Recorded data:
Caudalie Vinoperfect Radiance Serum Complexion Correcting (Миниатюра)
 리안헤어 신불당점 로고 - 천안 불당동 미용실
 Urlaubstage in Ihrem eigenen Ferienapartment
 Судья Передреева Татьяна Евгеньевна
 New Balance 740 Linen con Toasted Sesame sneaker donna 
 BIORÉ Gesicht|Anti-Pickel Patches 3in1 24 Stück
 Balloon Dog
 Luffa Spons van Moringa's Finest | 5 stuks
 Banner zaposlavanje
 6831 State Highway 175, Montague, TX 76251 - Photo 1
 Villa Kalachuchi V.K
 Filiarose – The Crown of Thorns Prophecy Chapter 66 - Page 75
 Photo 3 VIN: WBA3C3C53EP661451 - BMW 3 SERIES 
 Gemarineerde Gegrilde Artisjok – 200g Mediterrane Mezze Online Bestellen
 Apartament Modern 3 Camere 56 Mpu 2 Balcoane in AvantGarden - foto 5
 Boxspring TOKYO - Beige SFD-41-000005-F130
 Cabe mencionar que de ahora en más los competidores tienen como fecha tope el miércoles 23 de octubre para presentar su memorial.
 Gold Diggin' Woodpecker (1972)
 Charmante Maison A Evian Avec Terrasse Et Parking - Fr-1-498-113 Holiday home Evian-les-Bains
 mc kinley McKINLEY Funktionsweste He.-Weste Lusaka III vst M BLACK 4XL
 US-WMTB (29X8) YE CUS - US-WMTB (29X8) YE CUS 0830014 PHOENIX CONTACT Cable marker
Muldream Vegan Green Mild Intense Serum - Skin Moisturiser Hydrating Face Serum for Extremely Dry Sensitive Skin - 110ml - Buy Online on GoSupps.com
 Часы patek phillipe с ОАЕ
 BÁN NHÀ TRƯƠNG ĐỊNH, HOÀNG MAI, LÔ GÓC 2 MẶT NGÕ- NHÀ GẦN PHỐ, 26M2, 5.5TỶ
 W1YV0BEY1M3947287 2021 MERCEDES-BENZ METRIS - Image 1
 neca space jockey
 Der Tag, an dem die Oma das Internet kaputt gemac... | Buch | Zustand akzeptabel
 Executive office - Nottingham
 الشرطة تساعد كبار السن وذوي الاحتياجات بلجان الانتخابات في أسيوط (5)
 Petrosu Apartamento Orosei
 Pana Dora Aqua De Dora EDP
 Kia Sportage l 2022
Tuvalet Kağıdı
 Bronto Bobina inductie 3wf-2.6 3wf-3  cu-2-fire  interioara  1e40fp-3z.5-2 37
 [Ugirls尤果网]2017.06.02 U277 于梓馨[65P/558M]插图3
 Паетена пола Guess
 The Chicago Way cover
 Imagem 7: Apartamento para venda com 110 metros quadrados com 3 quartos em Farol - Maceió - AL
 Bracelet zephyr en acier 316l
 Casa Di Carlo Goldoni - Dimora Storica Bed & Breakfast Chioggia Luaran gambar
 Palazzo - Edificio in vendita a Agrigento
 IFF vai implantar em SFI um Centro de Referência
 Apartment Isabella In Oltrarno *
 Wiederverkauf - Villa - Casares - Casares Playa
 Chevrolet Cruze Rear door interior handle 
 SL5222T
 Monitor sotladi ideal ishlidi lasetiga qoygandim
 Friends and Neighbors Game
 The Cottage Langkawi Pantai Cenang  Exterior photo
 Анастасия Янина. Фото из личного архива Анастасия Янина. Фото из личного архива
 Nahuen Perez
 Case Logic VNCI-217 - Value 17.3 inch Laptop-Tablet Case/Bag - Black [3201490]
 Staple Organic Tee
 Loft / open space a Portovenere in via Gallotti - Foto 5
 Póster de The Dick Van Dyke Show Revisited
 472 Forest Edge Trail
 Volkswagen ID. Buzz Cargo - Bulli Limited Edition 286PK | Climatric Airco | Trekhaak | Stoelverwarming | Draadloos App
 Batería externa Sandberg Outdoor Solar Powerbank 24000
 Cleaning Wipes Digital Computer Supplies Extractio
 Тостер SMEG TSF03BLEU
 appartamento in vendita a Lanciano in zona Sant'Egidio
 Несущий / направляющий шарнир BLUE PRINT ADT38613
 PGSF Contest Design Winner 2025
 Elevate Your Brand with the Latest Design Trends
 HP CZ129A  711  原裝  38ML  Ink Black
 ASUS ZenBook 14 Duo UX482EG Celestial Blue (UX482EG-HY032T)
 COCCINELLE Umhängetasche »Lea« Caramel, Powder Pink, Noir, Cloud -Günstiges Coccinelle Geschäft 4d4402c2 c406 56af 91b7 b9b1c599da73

[TASK GOAL]: Return only the lines of the records in which the string "Villa" appears.

[RESULT]:
 Villa Kalachuchi V.K
 Wiederverkauf - Villa - Casares - Casares Playa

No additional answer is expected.